True, email has been around since the last century and there are rumors afoot that email is passé. Kaput. Finto. Stick a fork in it. Or so say those who key with their thumbs. To them—hot shot techno super dudes that they are—email is just so 1990.
But when I sit at my desk and look at my emails every day—and I get several hundred, so I get lots of practice—I see a media that is very vibrant and still evolving.
Some of the emails lose me right away. Deleted with prejudice. Easy call.
Some are interesting enough to hang onto, if not to react to, immediately. I put ‘em on ice. If I’m still sufficiently interested when I eventually get back to them, then I act.
But a few emails grab me at go.
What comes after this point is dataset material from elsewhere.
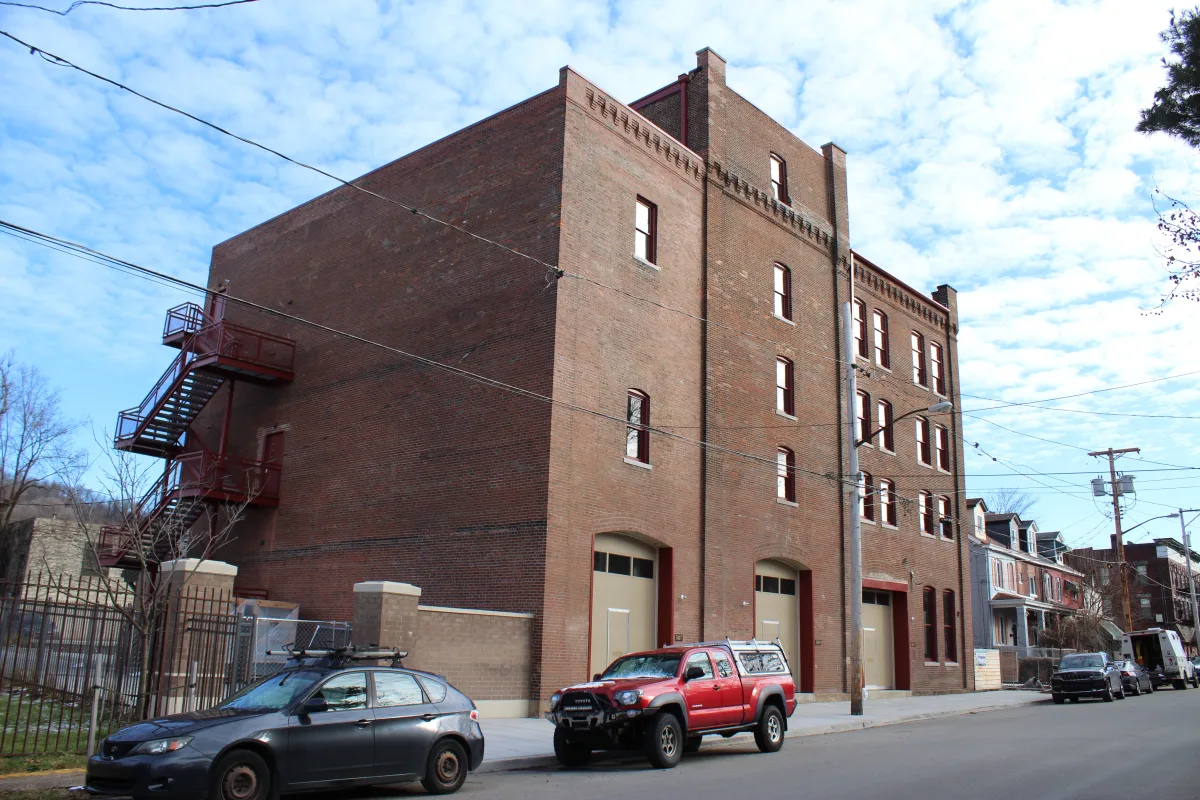Hazelwood Brew House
I devour every word. I go deeper and deeper. It’s almost a disappointment when I’ve read every word and looked at every picture.
I was curious about what made me respond the way I did, so when the Marketing Sherpas studied what made folks open emails, I was delighted. Here are their findings in descending ranking:
COPY is the #1 most important aspect of an email. 43.2% of the eyeballs are there because the copy is great. Duh! They had to study this?
Anyway, right behind copy is OFFER. 40.7% of the folks read because the offer intrigued them.
SUBJECT LINE is slightly less important at 40%. But just try a dead-on-delivery subject line and see how critical that 40% really is! I would also argue that this is really just another confirmation that Copy Rules.
Bringing up the rear—sorry designers—are the GRAPHICS and FORMATTING. At 34.4%, only about one third of people stop in their tracks because of the look of an email. These guys must all be Art Directors.
So what about the Gen X and Y-ers who predict that email is defunct?
Not so fast, there, young Dudes and Dudettes. Marketing directors everywhere beg to differ. 40% of B2C chief marketing honchos say they will be using more emails in 2010 and almost 36% of the B2B guys agree.
While I’m not sure my already overworked email can accommodate a 36% increase in volume, I’m glad to know that the email I will be getting should be better written than it was in 2009.